La SCCV, société civile de construction-vente, est une société civile à objet unique : construire un ou plusieurs immeubles pour les revendre. Son régime juridique est fixé par les articles L.211-1 et suivants du code de la construction et de l'habitation (Légifrance, CCH art. L.211-1).
Elle sert surtout aux opérations de promotion menées à plusieurs : un porteur de projet qui s'associe à un investisseur, deux entreprises du bâtiment qui montent une opération ensemble, ou une structure dédiée à un programme précis, créée le temps du chantier puis dissoute une fois les lots vendus. Chez nos clients de la Drôme et de l'Ardèche, c'est souvent le véhicule choisi pour un petit collectif de logements ou une opération de quelques maisons à revendre.

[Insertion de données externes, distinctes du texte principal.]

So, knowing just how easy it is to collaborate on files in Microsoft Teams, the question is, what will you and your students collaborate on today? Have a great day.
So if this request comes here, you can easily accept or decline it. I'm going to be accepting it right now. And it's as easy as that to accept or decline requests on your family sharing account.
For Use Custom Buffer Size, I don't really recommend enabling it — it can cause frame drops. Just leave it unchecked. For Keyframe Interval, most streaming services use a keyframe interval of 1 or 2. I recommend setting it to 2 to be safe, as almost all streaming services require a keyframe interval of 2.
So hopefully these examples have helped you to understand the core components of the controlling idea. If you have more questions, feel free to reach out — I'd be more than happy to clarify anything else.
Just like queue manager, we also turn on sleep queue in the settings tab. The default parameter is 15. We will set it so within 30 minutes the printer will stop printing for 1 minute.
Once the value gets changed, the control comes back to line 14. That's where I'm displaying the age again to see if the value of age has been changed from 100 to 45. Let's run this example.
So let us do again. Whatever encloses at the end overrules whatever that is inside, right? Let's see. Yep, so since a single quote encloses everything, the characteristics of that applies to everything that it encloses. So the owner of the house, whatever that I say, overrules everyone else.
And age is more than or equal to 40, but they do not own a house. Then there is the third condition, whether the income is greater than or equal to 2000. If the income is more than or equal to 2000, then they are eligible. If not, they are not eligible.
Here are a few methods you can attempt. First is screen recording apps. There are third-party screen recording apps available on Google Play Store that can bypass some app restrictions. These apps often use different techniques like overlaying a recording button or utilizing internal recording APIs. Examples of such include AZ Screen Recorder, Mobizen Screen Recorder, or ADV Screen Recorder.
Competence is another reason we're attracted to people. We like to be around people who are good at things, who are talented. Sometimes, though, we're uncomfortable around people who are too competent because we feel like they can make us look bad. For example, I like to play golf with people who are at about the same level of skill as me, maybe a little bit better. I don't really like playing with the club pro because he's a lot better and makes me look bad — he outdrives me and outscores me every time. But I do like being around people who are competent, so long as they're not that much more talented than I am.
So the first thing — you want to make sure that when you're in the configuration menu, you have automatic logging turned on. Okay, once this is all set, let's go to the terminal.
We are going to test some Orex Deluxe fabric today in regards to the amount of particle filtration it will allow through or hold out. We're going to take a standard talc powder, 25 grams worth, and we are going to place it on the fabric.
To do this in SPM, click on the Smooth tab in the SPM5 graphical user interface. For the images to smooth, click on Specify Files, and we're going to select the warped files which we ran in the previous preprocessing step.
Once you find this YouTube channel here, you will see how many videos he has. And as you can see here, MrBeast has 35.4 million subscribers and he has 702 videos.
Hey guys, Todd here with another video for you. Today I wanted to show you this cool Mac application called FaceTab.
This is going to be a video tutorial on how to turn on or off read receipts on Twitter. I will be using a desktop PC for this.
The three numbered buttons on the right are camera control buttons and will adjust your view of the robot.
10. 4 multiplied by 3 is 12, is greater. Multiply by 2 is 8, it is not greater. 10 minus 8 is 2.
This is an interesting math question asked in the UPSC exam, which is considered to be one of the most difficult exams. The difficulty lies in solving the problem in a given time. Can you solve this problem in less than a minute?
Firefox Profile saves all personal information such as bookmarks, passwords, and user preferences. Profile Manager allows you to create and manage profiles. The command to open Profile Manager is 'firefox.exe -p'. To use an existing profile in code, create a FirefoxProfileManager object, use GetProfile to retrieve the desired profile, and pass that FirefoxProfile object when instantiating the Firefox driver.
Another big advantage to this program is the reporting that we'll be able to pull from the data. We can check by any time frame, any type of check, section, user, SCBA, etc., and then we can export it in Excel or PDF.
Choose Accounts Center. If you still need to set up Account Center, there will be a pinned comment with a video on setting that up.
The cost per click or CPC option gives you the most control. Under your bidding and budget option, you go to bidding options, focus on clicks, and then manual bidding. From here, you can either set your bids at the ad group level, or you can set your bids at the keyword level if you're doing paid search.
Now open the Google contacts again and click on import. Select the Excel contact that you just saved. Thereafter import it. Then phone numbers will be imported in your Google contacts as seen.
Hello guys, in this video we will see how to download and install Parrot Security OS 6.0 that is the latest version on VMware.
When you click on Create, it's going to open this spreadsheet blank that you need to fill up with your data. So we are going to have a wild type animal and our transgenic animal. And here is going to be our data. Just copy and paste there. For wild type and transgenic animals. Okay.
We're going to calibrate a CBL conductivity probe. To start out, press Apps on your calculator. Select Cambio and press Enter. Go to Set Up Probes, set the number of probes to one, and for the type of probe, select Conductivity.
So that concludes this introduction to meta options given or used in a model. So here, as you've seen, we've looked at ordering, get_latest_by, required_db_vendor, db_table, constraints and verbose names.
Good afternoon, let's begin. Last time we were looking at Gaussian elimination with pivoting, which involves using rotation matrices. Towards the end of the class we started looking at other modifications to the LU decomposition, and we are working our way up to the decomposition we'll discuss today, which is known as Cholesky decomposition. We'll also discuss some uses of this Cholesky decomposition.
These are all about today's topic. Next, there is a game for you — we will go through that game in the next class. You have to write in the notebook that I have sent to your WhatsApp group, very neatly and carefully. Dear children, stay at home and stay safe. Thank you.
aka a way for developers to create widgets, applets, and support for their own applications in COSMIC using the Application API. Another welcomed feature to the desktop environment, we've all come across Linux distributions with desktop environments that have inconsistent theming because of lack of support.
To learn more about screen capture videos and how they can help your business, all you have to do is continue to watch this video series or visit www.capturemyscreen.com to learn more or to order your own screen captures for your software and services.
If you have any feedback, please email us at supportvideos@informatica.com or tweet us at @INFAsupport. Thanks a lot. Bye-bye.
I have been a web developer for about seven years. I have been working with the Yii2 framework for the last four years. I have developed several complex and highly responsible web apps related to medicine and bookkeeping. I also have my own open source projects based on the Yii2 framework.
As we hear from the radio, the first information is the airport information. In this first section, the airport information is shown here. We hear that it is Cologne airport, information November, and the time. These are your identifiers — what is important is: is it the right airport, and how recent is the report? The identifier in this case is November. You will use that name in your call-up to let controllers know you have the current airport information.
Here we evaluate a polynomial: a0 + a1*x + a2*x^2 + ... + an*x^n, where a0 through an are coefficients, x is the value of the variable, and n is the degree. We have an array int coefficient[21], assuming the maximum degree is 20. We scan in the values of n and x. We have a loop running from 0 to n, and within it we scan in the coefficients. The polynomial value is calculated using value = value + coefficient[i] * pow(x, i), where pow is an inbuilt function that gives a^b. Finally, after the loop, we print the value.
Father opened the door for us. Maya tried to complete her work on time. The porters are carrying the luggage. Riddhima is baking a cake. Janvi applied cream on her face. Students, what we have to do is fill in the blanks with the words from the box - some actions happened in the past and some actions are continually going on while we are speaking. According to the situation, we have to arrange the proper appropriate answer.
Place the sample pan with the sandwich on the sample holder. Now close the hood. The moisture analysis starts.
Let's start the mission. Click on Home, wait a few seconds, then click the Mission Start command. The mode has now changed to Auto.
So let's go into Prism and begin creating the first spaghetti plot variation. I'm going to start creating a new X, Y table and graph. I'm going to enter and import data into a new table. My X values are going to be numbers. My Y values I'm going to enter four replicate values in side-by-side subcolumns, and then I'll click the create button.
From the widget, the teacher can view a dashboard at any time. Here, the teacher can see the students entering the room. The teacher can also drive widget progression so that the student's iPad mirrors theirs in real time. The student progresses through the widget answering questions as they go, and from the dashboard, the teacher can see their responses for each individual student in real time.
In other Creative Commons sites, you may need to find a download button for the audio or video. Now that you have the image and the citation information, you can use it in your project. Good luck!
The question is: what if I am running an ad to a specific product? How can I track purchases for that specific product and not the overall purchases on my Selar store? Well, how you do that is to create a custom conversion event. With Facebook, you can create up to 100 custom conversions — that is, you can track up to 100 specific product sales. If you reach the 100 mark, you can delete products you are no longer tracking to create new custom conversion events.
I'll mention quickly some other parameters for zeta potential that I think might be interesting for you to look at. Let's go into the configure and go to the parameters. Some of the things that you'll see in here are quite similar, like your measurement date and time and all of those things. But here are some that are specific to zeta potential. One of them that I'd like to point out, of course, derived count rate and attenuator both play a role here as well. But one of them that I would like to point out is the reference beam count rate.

Ce qui la rend particulière tient en une phrase : elle exerce une activité commerciale par nature (construire pour vendre relève des opérations visées à l'article 35 du CGI), mais elle échappe à l'impôt sur les sociétés grâce à un régime dérogatoire. C'est tout l'objet de l'article 239 ter du CGI, et c'est ce mécanisme qui structure l'ensemble de sa fiscalité.
Je préfère le dire d'emblée : la SCCV n'est pas une SCI de location déguisée. Si vous cherchez à détenir et louer un bien dans la durée, ce n'est pas le bon outil, et vous perdriez d'ailleurs son régime de faveur. Elle est faite pour un cycle précis : acheter un terrain, construire, vendre, distribuer le résultat aux associés.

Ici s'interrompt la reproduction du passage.